Le marché de la seconde main en plein essor
De nos jours, de nombreuses marques proposent d’acheter ou de revendre des articles de seconde main à travers leurs propres plateformes. Que ce soit en friperies, plateformes en ligne spécialisées ou encore « corners » dans les grandes surfaces, la seconde main est présente partout. En effet, face à une demande en constante augmentation, les marques multiplient ces canaux de vente afin de suivre toutes les tendances du marché. Certaines enseignes comme Le Printemps ou Auchan, se sont lancées sur des stands directement présents dans leurs boutiques, tandis que d’autres ont développé leurs propres plateformes en lignes. ces dernières s’inscrivent dans une démarche de concurrence directe avec les grands acteurs du secteur, comme Vinted ou Thredup.
Depuis quelques mois, les annonces s’ajoutent autour de cette tendance, tant de la part du luxe que de la fast-fashion. Deux géants de la mode rapide, fréquemment critiqués pour leurs méthodes de fabrication, se sont lancés à l’automne 2022 dans cette nouvelle façon de consommer, avec leurs sites de seconde main. Également, en octobre dernier, le leader de l’ultra fast-fashion Shein a dévoilé « Exchange », une offre qui s’adresse pour l’instant au marché des Etats-Unis. Dans les semaines qui ont suivies, c’est Zara qui a créé la stupeur avec Pre-owned », une plateforme actuellement au stade de développement au Royaume-Uni.
S’ajuster aux revendications des consommateurs
Il est à noter que la marque Zara est la plus représentée sur les plateformes dites “classiques” d’occasion, comme Depop ou Vestiaire Collective, avec plus de 670 000 annonces selon une étude conduite en 2022 par le site Savoo. L’entreprise a donc fait d’une pierre deux coups en étendant son offre tout en exprimant un “engagement à évoluer vers un modèle d’économie circulaire”. Autre signal fort, du côté des griffes de luxe cette fois-ci, il est possible de découvrir Re-sell, un programme de revente proposé par Balenciaga qui permet de céder ses vêtements issus des collections passées en échange d’un bon d’achat.
Ces initiatives semblent donc s’orienter dans le bon sens, pourtant elles ne persuadent pas les spécialistes du secteur. En effet, Audrey Millet, docteur en histoire, chercheuse à l’université d’Oslo et autrice du Livre noir de la mode explique « Les marques ont l’habitude depuis le 19e siècle d’écouter les revendications populaires ». Plébiscitée pour son rôle anti-gaspillage et l’avantage financier qu’elle confère, la seconde main répond à deux enjeux phares pour le consommateur, et les grandes entreprises l’ont bien comprises comme rajoute la chercheuse, n’hésitant pas à qualifier ces démarches de « greenwashing ».

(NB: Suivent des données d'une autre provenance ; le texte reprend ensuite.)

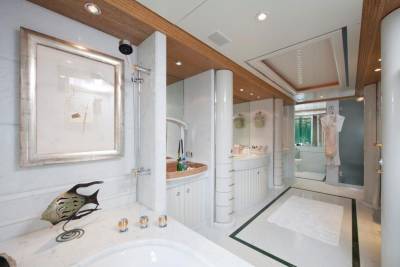 Luxurious marble bathroom features a sleek shower, elegant vanity, and a decorative fish sculpture.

Une perspective importante et bénéfique face à la crise
La seconde main est alors considérée comme un argument marketing, venant remettre en question ses bénéfices, d’autant plus que le modèle des portails de revente est souvent accusé de d’inciter à l’hyper-consommation. Ainsi, à travers cette démarche, les consommateurs se déculpabilisent d’acheter des produits neufs, se rassurant de pouvoir les revendre par la suite. En s’affranchissant de ce marché, les grandes enseignes enclenchent une grimpée des tarifs de la seconde main, revendant de vieux articles pratiquement au prix du neuf.
D’après les chiffres de l’Alliance du Commerce, les ventes de textile en ligne ont subi une baisse de plus de 18% au premier semestre 2022 comparé à l’année 2021, tandis que les commerces physiques ont rencontré 11% de fermeture en l’espace de deux ans. Parallèlement, la seconde main a triplé depuis 2020 et devrait connaître une croissance de 20 à 30% par an, selon une étude du cabinet Boston consulting Group.
Ce secteur semble donc décrire une nouvelle façon de consommer, en lien avec les enjeux environnementaux actuels. Pourtant, certains effets vont à l’encontre de cette démarche écologique, comme l’effet de rebond avec le concept de « je fais des économies, donc je peux me permettre de consommer plus ». Ainsi, plusieurs questions viennent se poser autour de la façon de consommer la seconde main et des effets insidieux qu’elle peut provoquer.